Continua após a publicidade

“Vamos iniciar com foco em quatro municípios, que serão modelos para outras cidades, num futuro breve. Sabemos que há uma carência de mão de obra qualificada para atender a indústria da produção de roupas em Goiás. E temos capital humano no interior que pode atender a essa demanda”, explicou Joel. 

A proposta se divide em várias etapas. A primeira é definição dos municípios. A segunda, formação da mão de obra para atender ao setor da moda. E a terceira é ampliar a quantidade de municípios beneficiados, podendo chegar a 30 localidades. 

Polos

Cristianópolis, Bela Vista de Goiás, Acreúna e Ipameri farão parte do projeto-piloto. E caberá às prefeituras organizar espaços para instalação de polos de facções e confecções, bem como selecionar a mão de obra local para treinamento em cursos de corte e costura. 

Nessa fase do projeto, caberá à SIC, em parceria com GoiásFomento, Sesi, Senai e Sebrae, além da AER44, realizar orientações para treinamento de mão de obra e aquisição de equipamentos, bem como direcionamento para criação de cooperativas. 

Vera Regina Aguiar, gerente de Projetos de Concessões e Parcerias da SIC, apresentou dados da Região da 44 e destacou que a meta, nos próximos anos, é passar de 300 mil a 400 mil empregos. Hoje são cerca de 7 milhões de peças de vestuário produzidas mensalmente. 
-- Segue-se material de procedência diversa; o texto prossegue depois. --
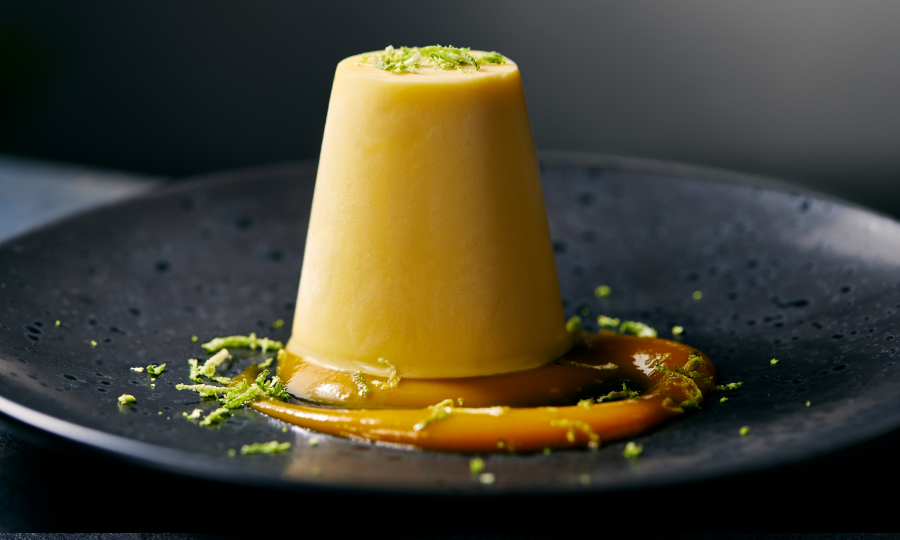 kulfi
Sérgio Naves, diretor da AER44, disse que a Região da 44 hoje tem movimentação comercial que supera as receitas de muitos municípios. Ele ressalta que esse resultado é fruto do esforço de empresários que acreditaram no potencial local. Sérgio informa, ainda, que por ser um polo distribuidor, a região necessita da produção para garantir a oferta para todo o País, o que abre agora a participação da mão de obra dos municípios. 

“Precisamos alcançar a produção de 80% dos produtos comercializados em nossa região. Para isso, precisamos unir as forças para nos tornar o maior polo distribuidor e produtor de moda do Brasil. O Cinturão da Moda abrange uma região de até 120 km da Capital, e vai gerar emprego e inclusão social de famílias que terão a oportunidade de trabalho digno”, avalia Sérgio Naves. “A preocupação do Governo do Estado com o bem social é o maior destaque para este projeto”, complementa.

Para o prefeito de uma das cidades piloto que é Ipameri, Jânio Pacheco disse que o projeto do Polo Têxtil busca expandir as potencialidades do município, para ter mais opção de emprego e renda na cidade e o Cinturão da Moda vem para casar com as ações do município. “No que depender do município, iremos investir no projeto e nas parcerias para gerar mais emprego, renda e desenvolvimento. Em parceria com a Aciipa, já temos mais de uma centena de cadastros realizados. Nosso próximo passo será qualificar essa mão de obra, depois iniciar de fato a construção do nosso Polo Têxtil, agora, integrando o Cinturão”, ressalta.